On January 22, 2019, Branch 15 of the Revolutionary Court of Tehran, presided over by Judge Abolghasem Salavati, sentenced Farhad Meysami to 5 years in prison on charges of “assembly and collision to commit to crime against national security” and to 1 year in prison on charges of “propaganda activities against the state.” The court further ruled that Mr. Meysami had been banned from membership in political and social groups, activism in cyberspace, the media, the press, and leaving the country for two years.
The sentence was upheld by the Tehran Court of Appeals and on Saturday, August 10, 2019, Farhad Meysami was notified in Evin Prison.

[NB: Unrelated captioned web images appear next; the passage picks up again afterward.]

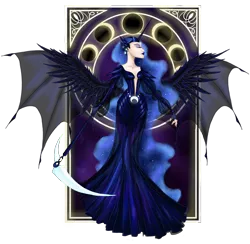 Size: 3600x3509 | Tagged: artist:moryartix, clothes, derpibooru import, dress, eared humanization, gown, horned humanization, human, humanized, nightmare moon, safe, scythe, solo, winged humanization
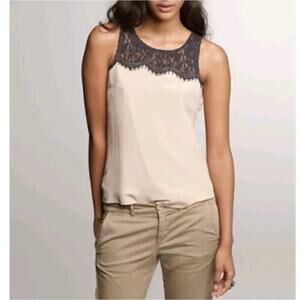 J.Crew Womens Blush & Black Lisette Lace Silk‎ Shell Tank Top Career Size 10
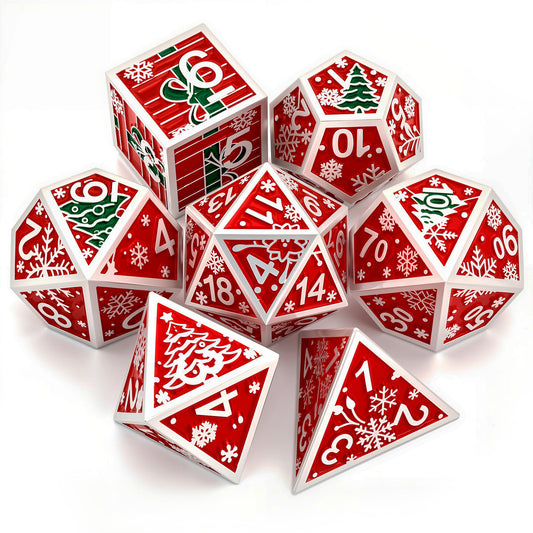 Haxtec Christmas Metal DnD Dice Set with Leather Pouch – Crimson with Silver Edge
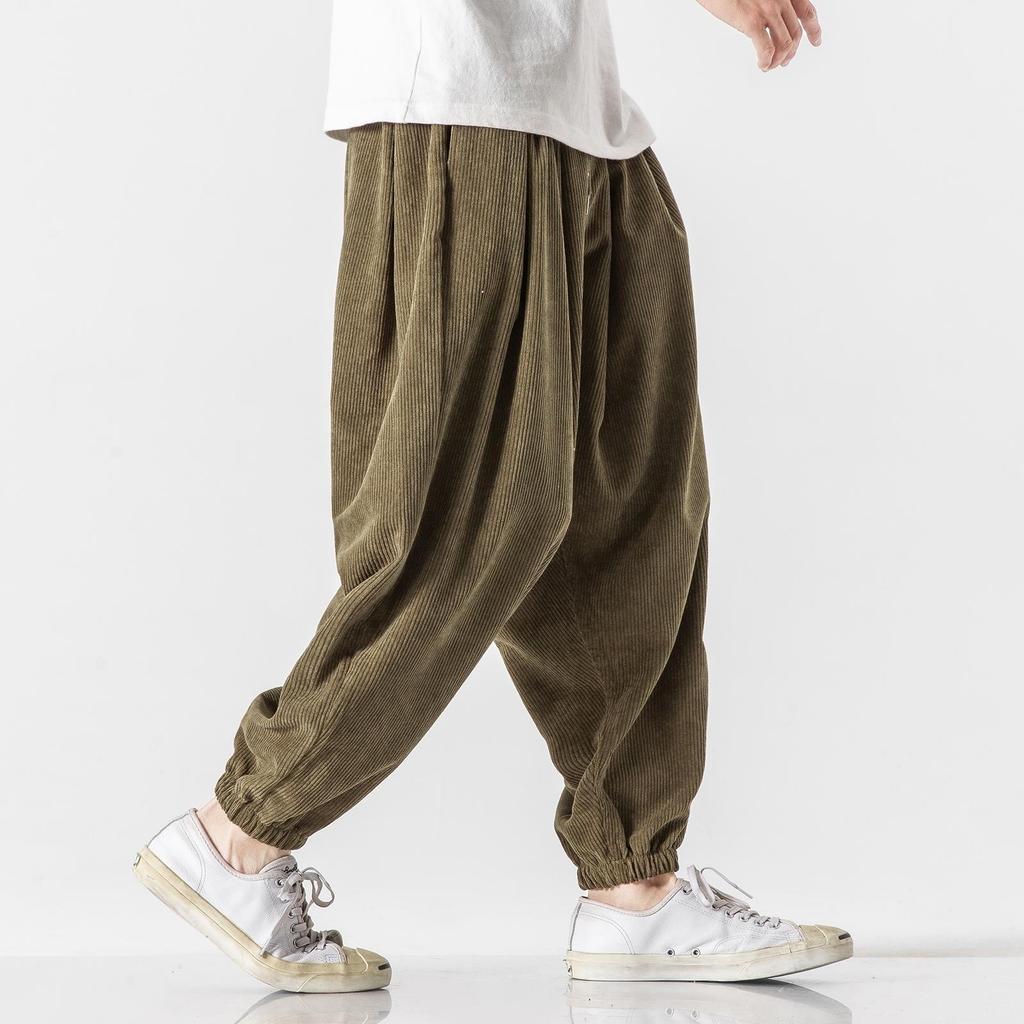Pantaloni Casual di Velluto a Coste Stile Cinese da Uomo Pantaloni Larghi da Uomo Pantaloni Trendy di Marca da Uomo Pantaloni Bloomer a Gamba Larga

Mr. Meysami’s appeal trial was held on Tuesday, 21, 2019, without his presence. In the ruling of the Court of Appeals, the 2-year deprivation of social rights has been commuted to 1 year, and the rest of the verdicts have been confirmed. This civil activist, who opposes the compulsory hijab (veiling), had previously written a letter explaining the reasons for his absence from the appeals court.
Earlier, Mr. Meysami and Mohammad Habibi, a teacher and cultural activist incarcerated in Evin Prison, wrote in an open letter to judicial authorities and the Prisons Organization that “they no longer sit in the prison census queues and read in the corners outside the queues with a book in hand” to show their protest to the prison authorities. Following the issue, Meysami was transferred from Evin Prison (in Tehran) to Raja’i Shahr Prison in Karaj on Saturday, November 9, 2019, and went on a hunger strike for more than two months.
Farhad Meysami, a physician and civil activist, was arrested at his residence on January 31, 2018, and went on a hunger strike the day after his arrest on August 1 (2018), in protest of his detention and charges against him. He spent 20 days in solitary confinement in Ward 209 and then was relocated to Ward 4 (general) of Evin Prison.
Three charges were brought against this civil activist in Branch 7 of the Evin Court. He was accused of “assembly and collusion with the intention of disrupting the security of country by inciting women to take the streets without hijab”, “propaganda against the regime” and “insulting hijab as one of the necessary sanctities of Islam.” But the referents for these three charges are unclear.
It is worth mentioning that the United States Department had previously condemned the detention of Farhad Meysami and demanded his immediate release.
“The United States condemns the arbitrary detention of Dr. Farhad Meysami. We are deeply concerned about his deteriorating health and call on the Iranian regime to release him immediately,” the ministry wrote in a Twitter message on Friday, December 7, 2018, about civil activist Farhad Meysami.
Farhad Meysami, 49, published textbooks for the university entrance exam in the 1990s and 2000s at Ayandeh Sazan (future makers) Publication, and in recent years has participated as a civil activist in many sit-ins and protest rallies in support of prisoners’ rights and against compulsory hijab (veiling).